Editor: Jason D. Lazarus, J.D., LL.M, MSCC, CSSC

 

We hear the same thing from attorneys over and over: I secured a substantial recovery for my client, but I am concerned they are going to blow it. What can I do?

The reasons why they feel that way about their client vary. The client suffered a mild brain injury but isn’t legally incompetent. The client has a history of addiction or a gambling problem. The client has friends or family members who may try to take advantage. The client is not mature or financially savvy. The client is too nice and doesn’t know how to say no. The list goes on.

One method that takes care of clients in any of the above situations is to pair a structured settlement with a trust. A structured settlement is created when the defendant funds an annuity for the benefit of the plaintiff. This funding must not be constructively or actually received by the plaintiff, so it is important to make the decision about whether a structure will be used before money changes hands. If it goes to the attorney’s trust account, the option to structure is off the table. The annuity will pay out in increments for a set number of years or may be guaranteed until the client dies. The increments can pay monthly, quarterly, semi-annually, or annually.

There are several benefits to utilizing a structured settlement. First, an annuity will ultimately get more money, over time, in the client’s pocket than they would get from a lump sum. Second, structured settlements are protected from creditors, and generally safe in the event of divorce or bankruptcy. Third, the client will not have the opportunity to spend all of their money quickly because they will never have it all at once.

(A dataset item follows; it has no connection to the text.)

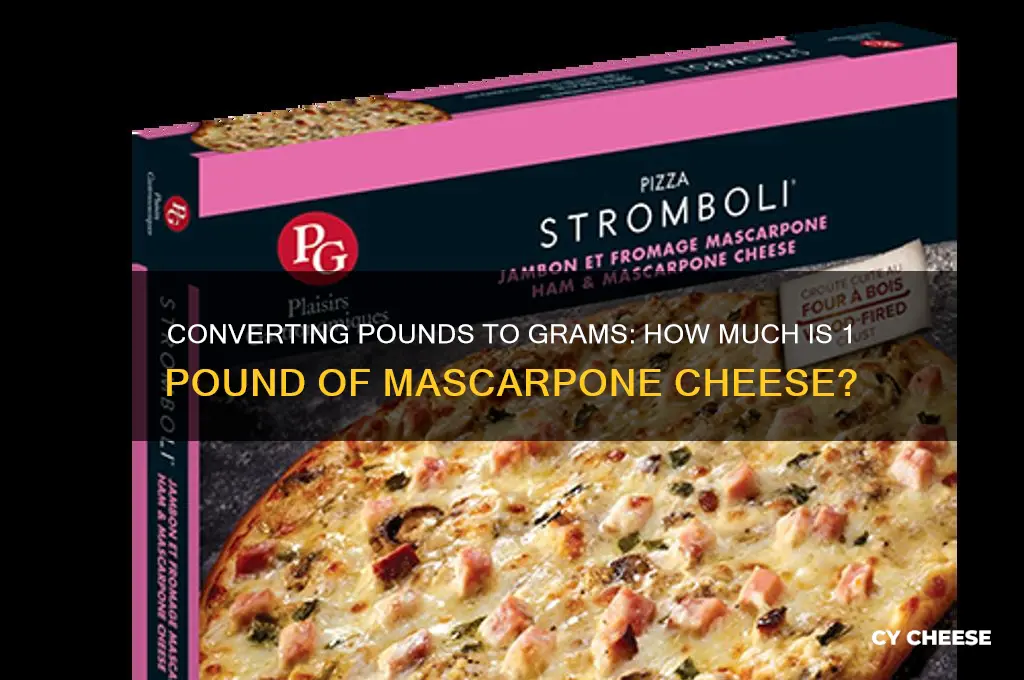 how many grams is 1 pound of mascarpone cheese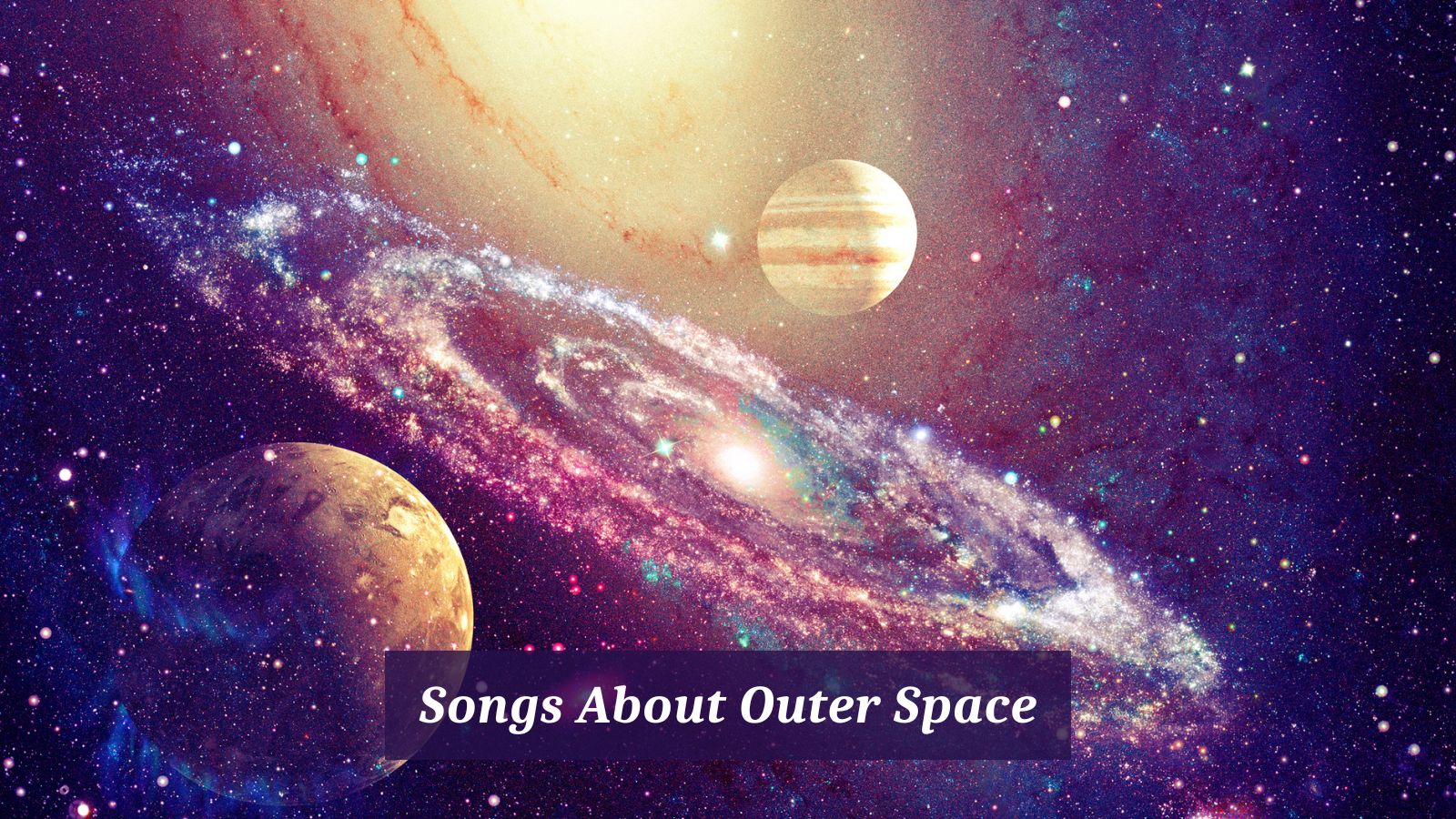 Songs About Outer Space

One risk with structures, however, is that if the structure pays to the client directly, they can assign it to a factoring company for quick cash (selling their structured settlement to a company like J.G. Wentworth). In many cases, they are offered pennies on the dollar, but it may seem like a good deal to the desperate or uneducated client. To protect against this, the structure can be set up to pay to an irrevocable settlement trust for the client’s benefit. Factoring is still an option, but only if the trustee consents. Any trustee worth their salt would only consent to factoring in extremely limited set of circumstances when the loss of the future payments is still in the best interest of the client.

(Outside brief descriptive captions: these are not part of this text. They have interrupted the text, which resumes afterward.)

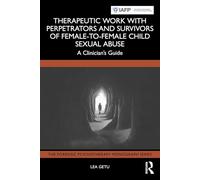 Therapeutic Work with Perpetrators and Survivors of Female-to-Female Child Sexual Abuse: A Clinician’s Guide (The Forensic Psychotherapy Monograph Series)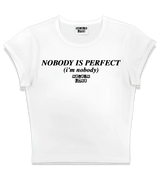 1 white Status Baby Tee black NOBODY IS PERFECT (i'm nobody) #color_white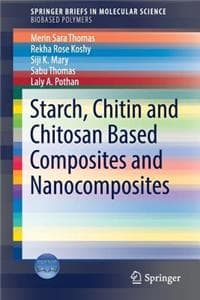 Cover of Starch, Chitin and Chitosan Based Composites and Nanocomposites: (Biobased Polymers)
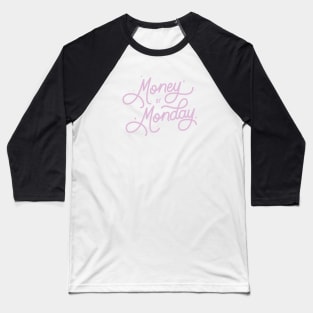 Money By Monday - Purple Baseball T-Shirt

For example, if the client’s entire net was structured, resulting in modest monthly payments, they would have to save their money (or take out a loan) to make a major purchase such as a house or a car. In the right circumstances, a trustee might consent to factoring, but it would be a tough battle given how much the client would have to give up. To avoid this situation in the first place, it is recommended that the trust receive a partial lump sum to “seed” the trust and structure the rest. That set-up provides the best of both worlds: there is liquidity in the event the client has an immediate need to make a major purchase, but the client still gets all the benefits of structuring.  It also is cost efficient and tax advantaged.  It is cost efficient since trustee fees are less overall with less cash going into the trust and future periodic payments flowing in over time.  It is tax advantaged because the structured settlement is a tax-free investment while monies invested in the trust are taxable so with less cash in the trust, taxes are overall lower.

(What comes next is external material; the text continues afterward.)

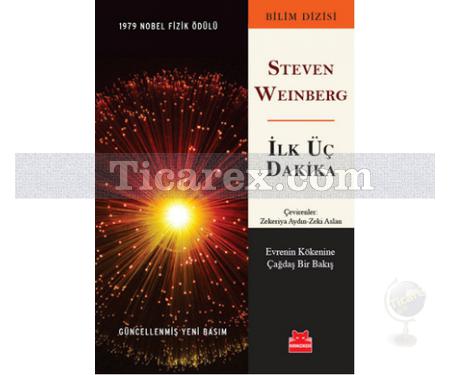 İlk Üç Dakika | Steven Weinberg - Resim 1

Some clients may be resistant to this, however. When the client creates a trust, the money is still theirs, but they lose much of their ability to control it. Trusts can be set up to pay a monthly stipend or give the client the right to withdraw their funds at a certain point, but while the funds remain in the trust, they can only access them through the trustee. For that reason, a trust is not necessary or right for every client; but for those who it does work for, it’s the difference between struggling after they’ve squandered their money and living comfortably for the rest of their life.